Install .NET Core on RHEL in under 5 minutes, by Don Schenck.

A lightning talk from Red Hat Summit 2017. Here is the transcription:

[00:11] I have a VM here. Let me just run the .NET command to show you. It's not there, so we're going to install .NET on RHEL. The first thing I'm going to do is become Super User, otherwise I have to type pseudo for every command and that's just a hassle.

[00:33] I'm just going to copy and paste the commands here. The point isn't that I type out every command, the point is that you see it's only a couple of commands to get it installed. The first thing I'll do is get my subscription manager attached to the correct pool of RPMs, that's the packages I pulled down.

[00:49] When you install .NET on RHEL you're getting the package from Red Hat. You're not getting it from Microsoft. We get the source code from Microsoft and then we build it to run on RHEL. Red Hat packages are, I like to say vetted. That is, we test them and make sure they work really well so you're not just pulling down software and hoping it works.

[01:12] Now I'm going to enable the repo.
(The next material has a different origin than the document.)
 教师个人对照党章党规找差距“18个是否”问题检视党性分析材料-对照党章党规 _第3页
I've attached to it and now I have to enable it. Notice at the end where it says, "RHEL 7 Server..." There's also a work station, and there's also one for an HP [high performance] special computing thing that I'm not really familiar with. The point is you're probably going to use a RHEL server to install .NET.

[01:26] One of the cool things about the new .NET core as opposed to the old one is the new .NET is much smaller. Whereas before, when you installed .NET, you would drop in a DVD, or a CD, and wait forever for it install, and you would get 4 gigabytes of .NET. Now it's just a couple hundred megabytes.
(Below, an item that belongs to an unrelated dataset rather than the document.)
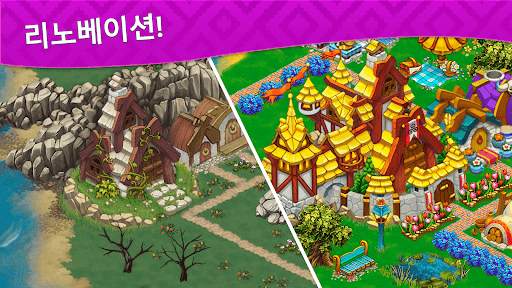 하베스트 랜드 screenshot 6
[01:49] I'm going to YUM install this scl utils. It doesn't matter what they do. They just enable installation. Let's just leave it at that. There's nothing to do because I've done that before, but that's OK. It's better to have nothing to do than to skip the step.

[02:08] Now here's the actual install itself. I want you to notice it's just a command line and it's a YUM installed .NET core 1.1, which is version 1.1. It's going to go up to the inner webs and pull down everything it needs to install it.
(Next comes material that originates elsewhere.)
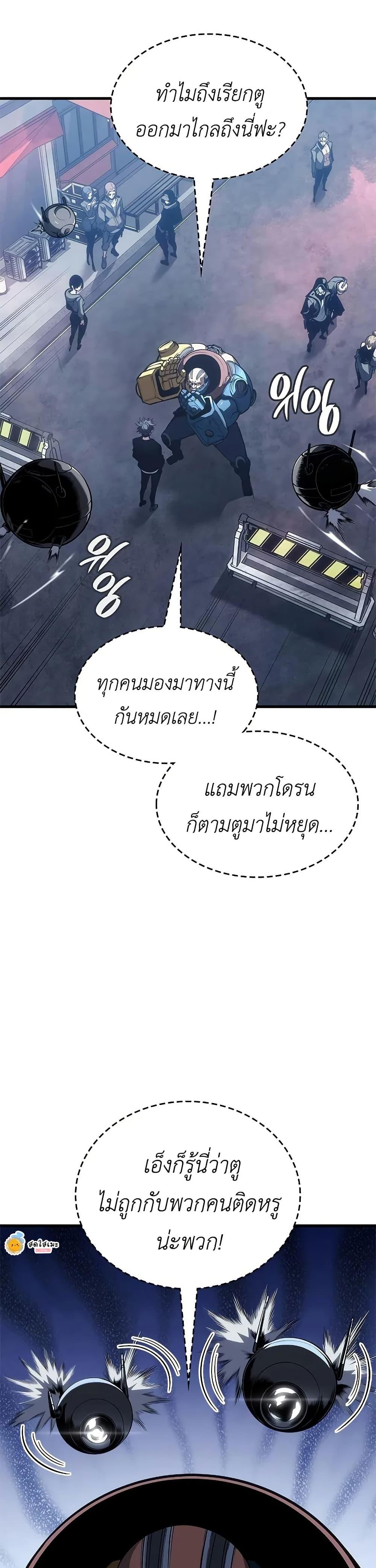 Manga-lc-com อ่านมังงะ อ่านการ์ตูน ออนไลน์ ฟรี Bad Bone Blood ตอนที่ 1 2 3 4 5 6 7 8 9 10 11 12 13 14 ฟรี ไม่มีโฆษณา Manga-lc - อ่าน มังงะ อ่าน การ์ตูน ออนไลน์ อ่านมังงะ ฟรี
[02:17] Your limiting factor here is going to be your Internet speed. Other than that, that's it for installing .NET. It really is that small and that fast. After it's installed, you have to enable it to be available in Bash. Once that's done, we'll bring it up and we'll see .NET.

[02:36] One final step here. In just a few minutes we went from not having .NET...I don't know if I can copy and paste here, bear with me.

[02:47] It's enabled. Now we should have .NET command available. There it is. We'll do a .NET new which will create a new program. The first time you do a .NET new it's going to run this little expand. That might be considered the final step of installing .NET, that's it. That's all you have to do to install .NET, that's it.

Thank you.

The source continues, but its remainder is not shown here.